EXERCISE INSTRUCTIONS: Write out exactly the lines from the one containing "Hunyady Sándor: Selyem" through the last line of the records below, both included, and leave out any pictures.
● ● ● ●
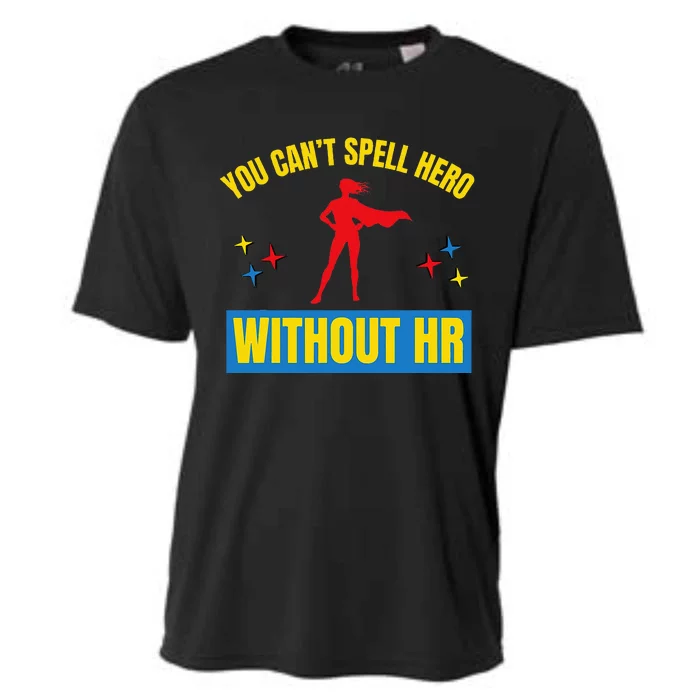 You CanT Spell Hero Without Hr Cooling Performance Crew T-Shirt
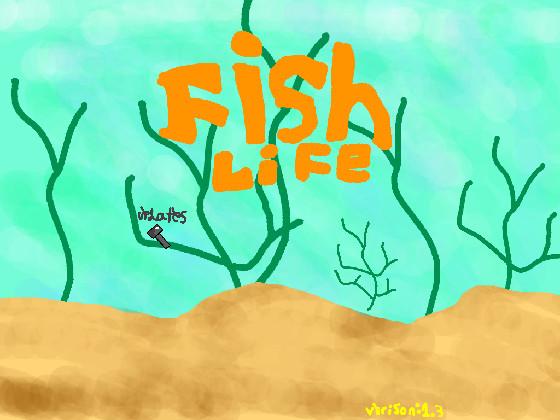 Fish Life 1 1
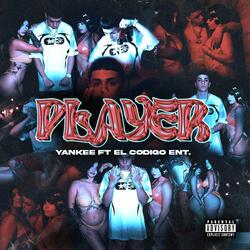PLAYER (feat. EL CODIGO ENT.)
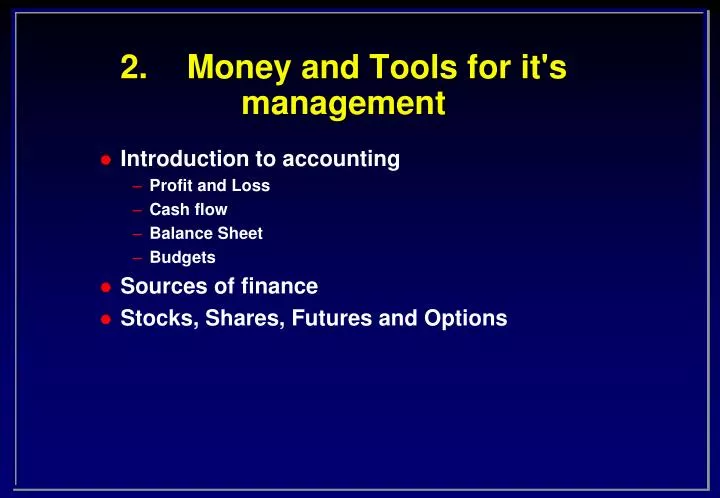 2 money and tools for it s management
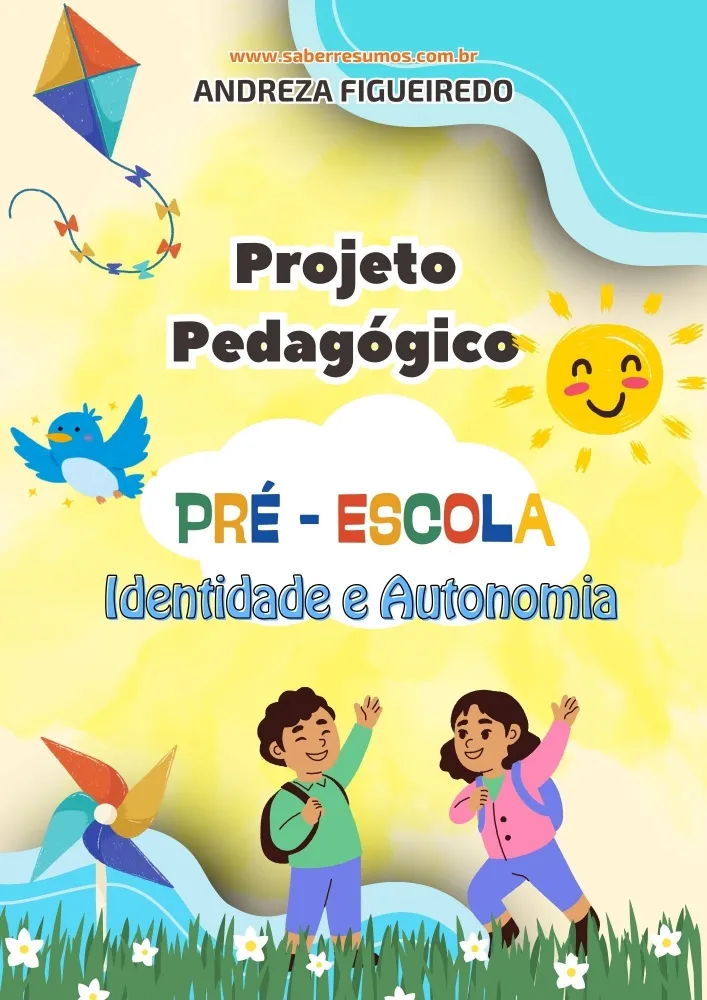 845 - Projeto Pedagógico - Educação Infantil - Pré-Escola -  Identidade e Autonomia - PDF com 31 páginas Imagem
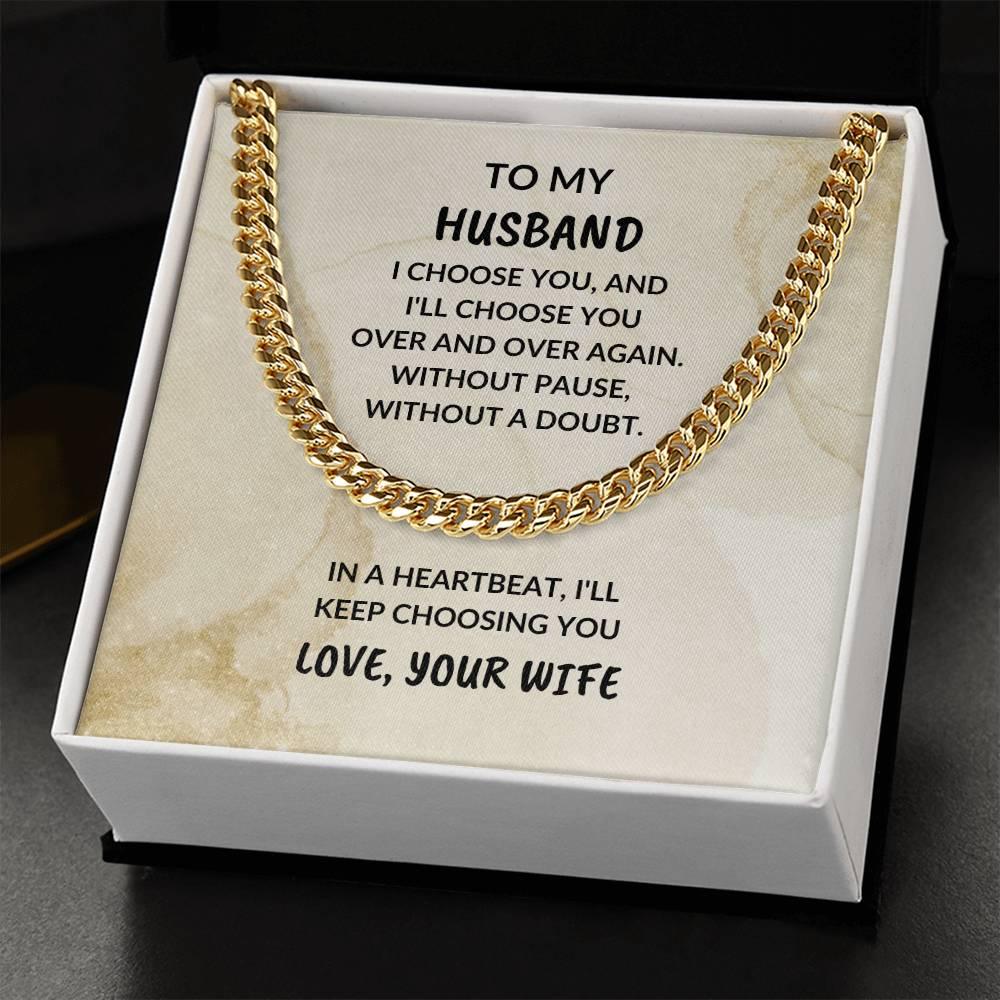 To My Husband - I Choose You - Cuban Chain Necklace - Birthday Anniversary Special Occasion - Mallard Moon Gift Shop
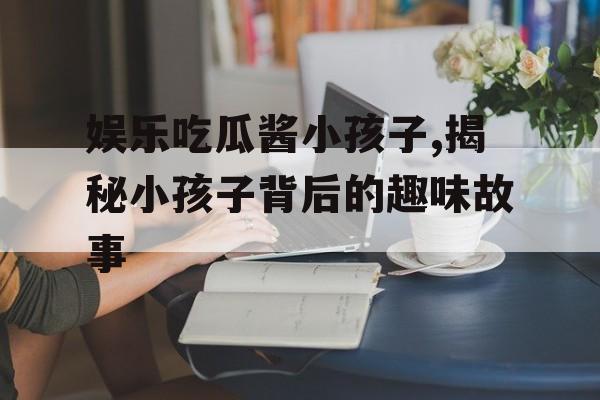 娱乐吃瓜酱小孩子,揭秘小孩子背后的趣味故事 娱乐吃瓜酱小孩子,揭秘小孩子背后的趣味故事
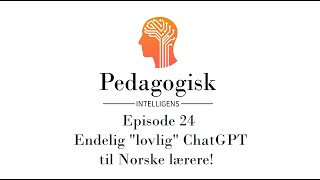 Pedagogisk intelligens – Episode 24 Endelig lovlig Chatgpt til Norske lærere [upl. by Keslie]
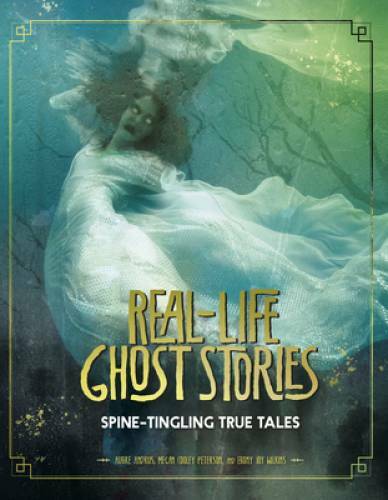 Real-Life Ghost Stories: Spine-Tingling True Tales – Paperback – GOOD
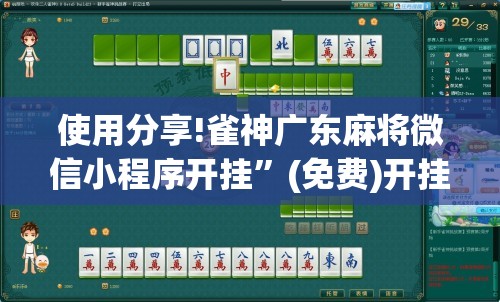 使用分享!雀神广东麻将微信小程序开挂	”(免费)开挂辅助教学(最新辅助开挂教程)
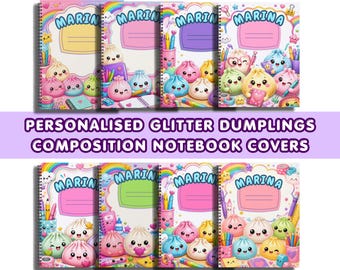 Personalised Name Composition Notebook Cover, Cute Glitter Dumplings Notebook Cover for girls, Kids Back to School Printable Canva Template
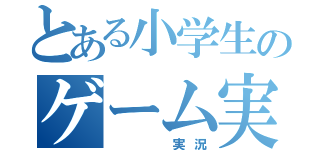 とある小学生のゲーム実況（   実況）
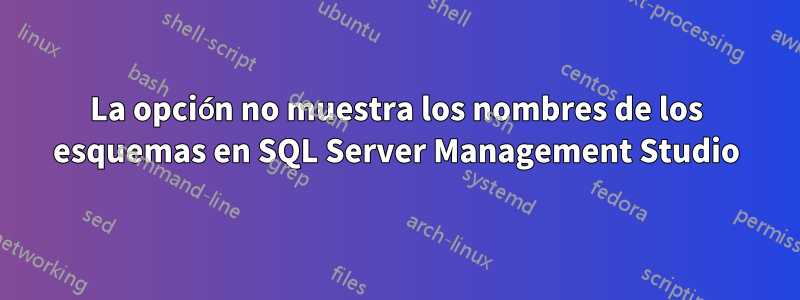 La opción no muestra los nombres de los esquemas en SQL Server Management Studio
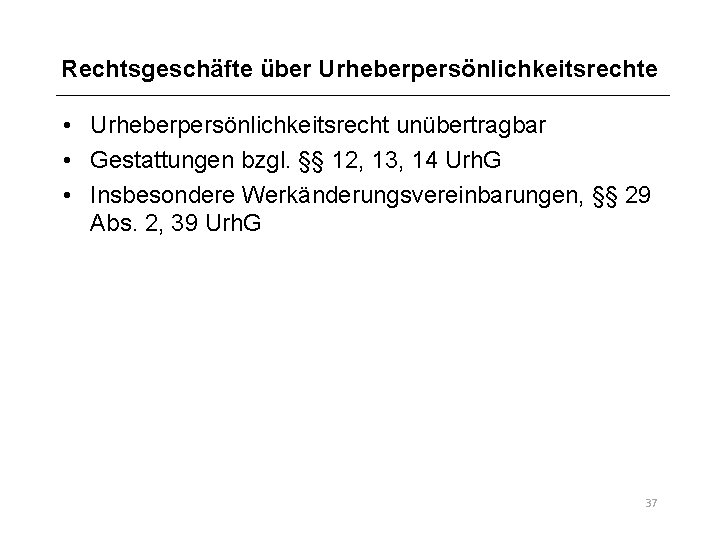 Rechtsgeschäfte über Urheberpersönlichkeitsrechte • Urheberpersönlichkeitsrecht unübertragbar • Gestattungen bzgl. §§ 12, 13, 14 Urh.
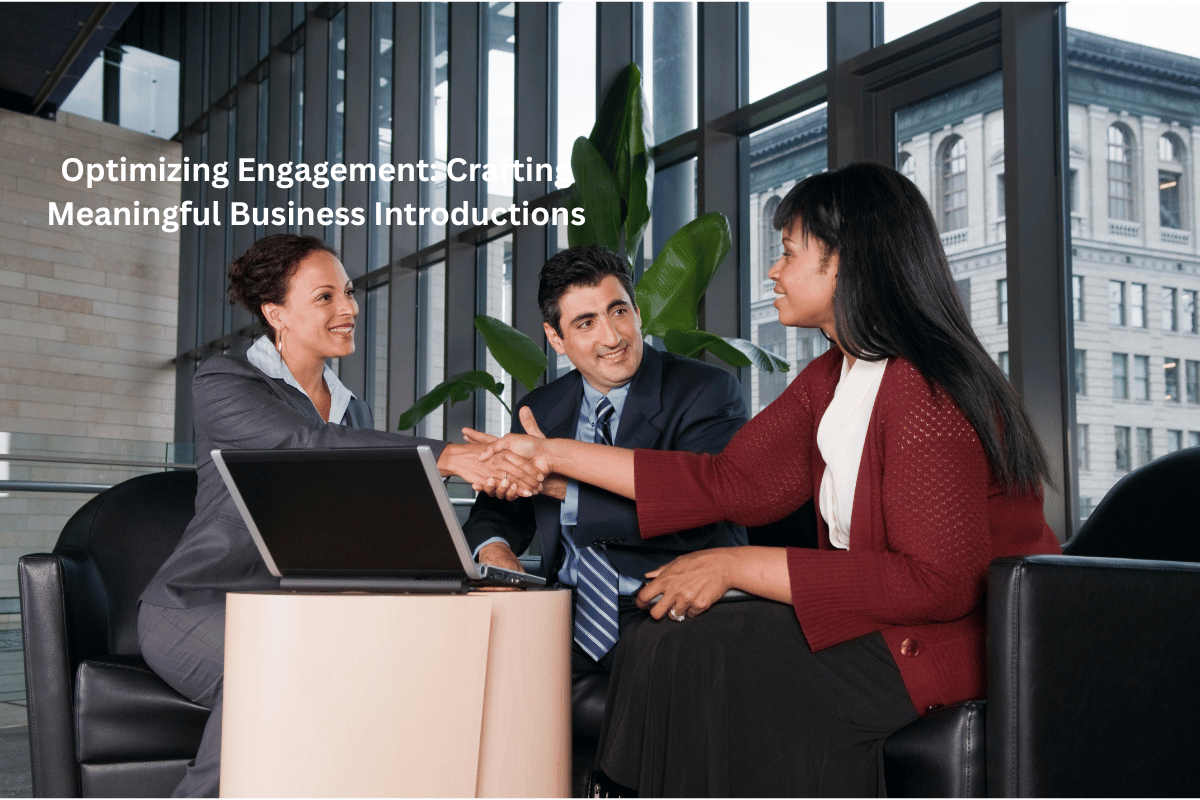 Optimizing Engagement: Crafting Meaningful Business Introductions
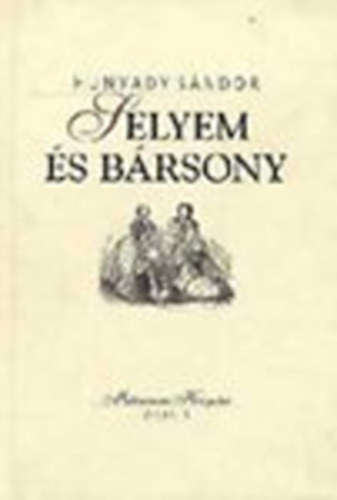 Hunyady Sándor: Selyem és bársony (Millenniumi Könyvtár 85)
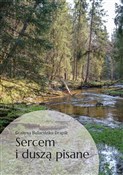 polish book : Sercem i d... - Grażyna Bułacińska-Drapik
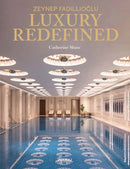 Zeynep Fadillioglu : Luxury Redefined-9788891838322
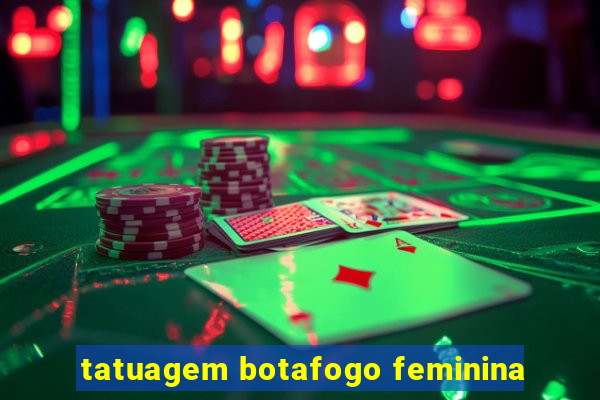 tatuagem botafogo feminina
● ● ● ●
PROBLEM SOLUTION:
 Hunyady Sándor: Selyem és bársony (Millenniumi Könyvtár 85)
 polish book : Sercem i d... - Grażyna Bułacińska-Drapik
 Zeynep Fadillioglu : Luxury Redefined-9788891838322
 tatuagem botafogo feminina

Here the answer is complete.